- Opening Delimiter -

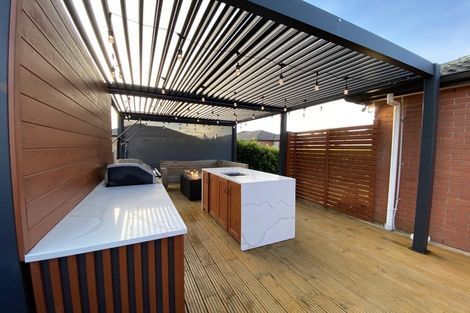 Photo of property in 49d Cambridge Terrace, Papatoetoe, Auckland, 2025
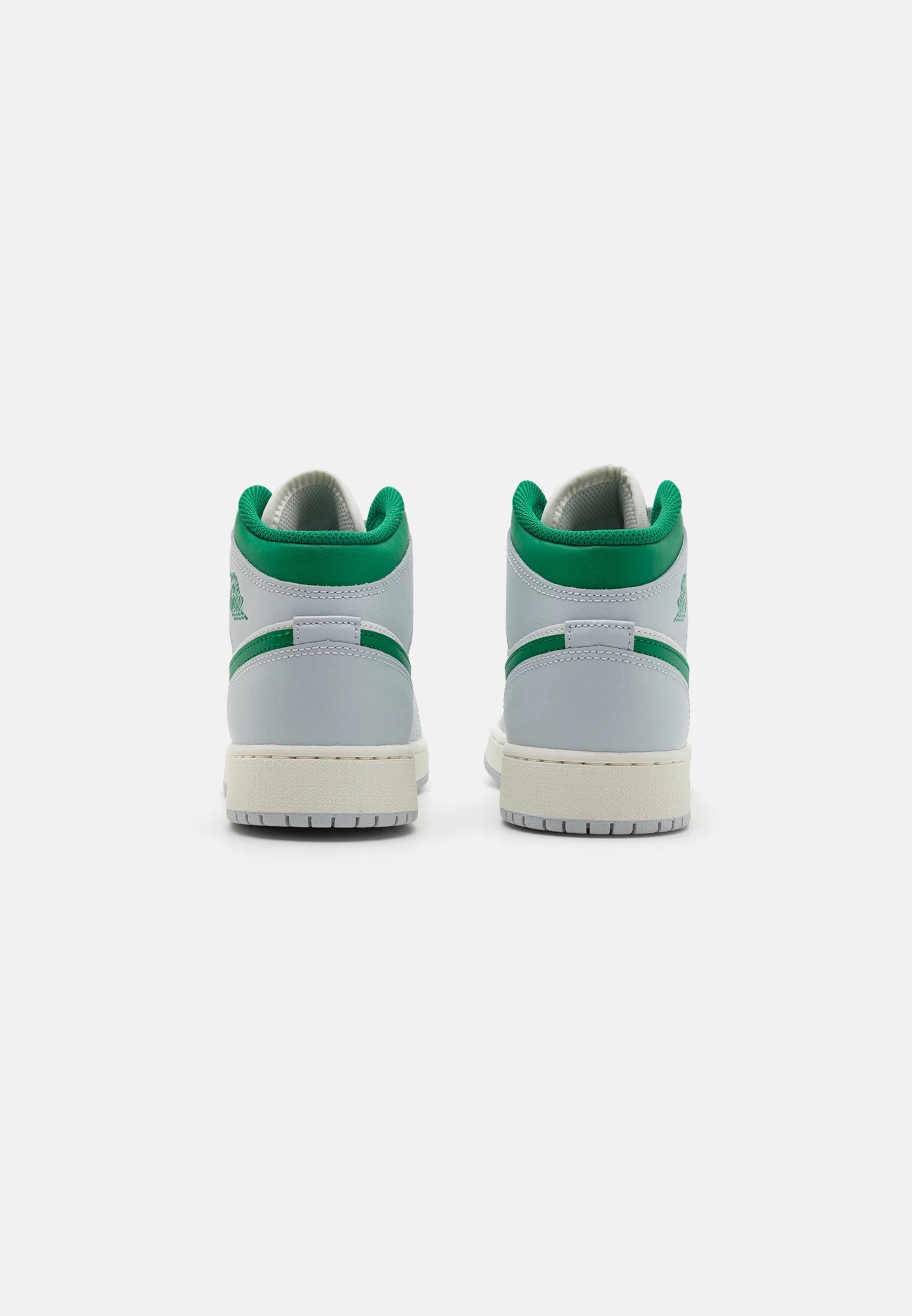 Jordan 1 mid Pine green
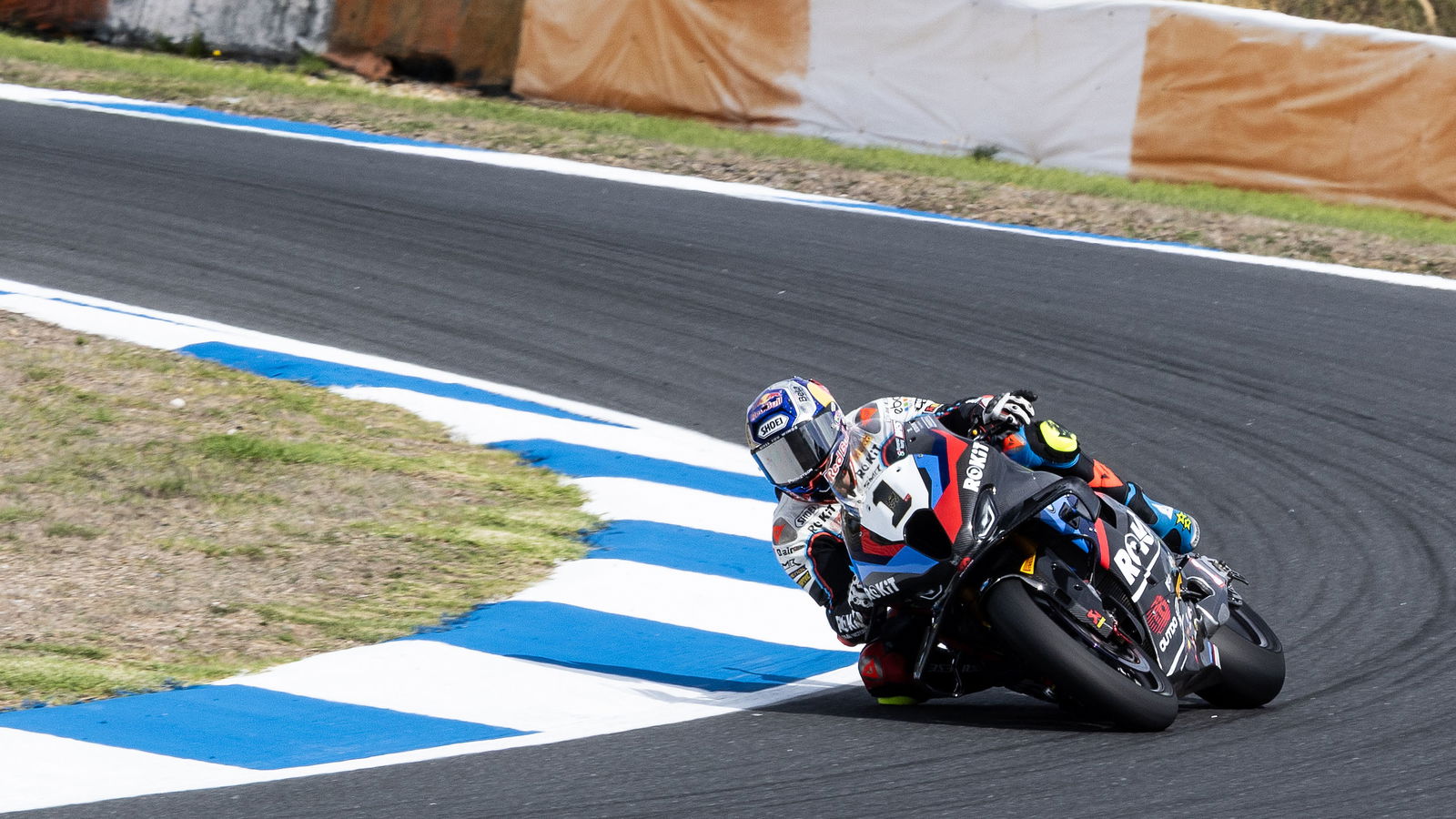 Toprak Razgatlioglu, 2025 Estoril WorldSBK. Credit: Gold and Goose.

- Closing Delimiter -
- Opening Delimiter -

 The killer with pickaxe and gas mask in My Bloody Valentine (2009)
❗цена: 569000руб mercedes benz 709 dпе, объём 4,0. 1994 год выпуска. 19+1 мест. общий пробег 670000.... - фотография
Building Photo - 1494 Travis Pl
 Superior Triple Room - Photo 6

- Closing Delimiter -

[EXERCISE DIRECTIONS] Please give again the lines above between the line holding "The killer with" and the line holding "Superior Triple Room - Photo 6", inclusive, exactly as they are and with nothing added.

[ANSWER AREA]
 The killer with pickaxe and gas mask in My Bloody Valentine (2009)
❗цена: 569000руб mercedes benz 709 dпе, объём 4,0. 1994 год выпуска. 19+1 мест. общий пробег 670000.... - фотография
Building Photo - 1494 Travis Pl
 Superior Triple Room - Photo 6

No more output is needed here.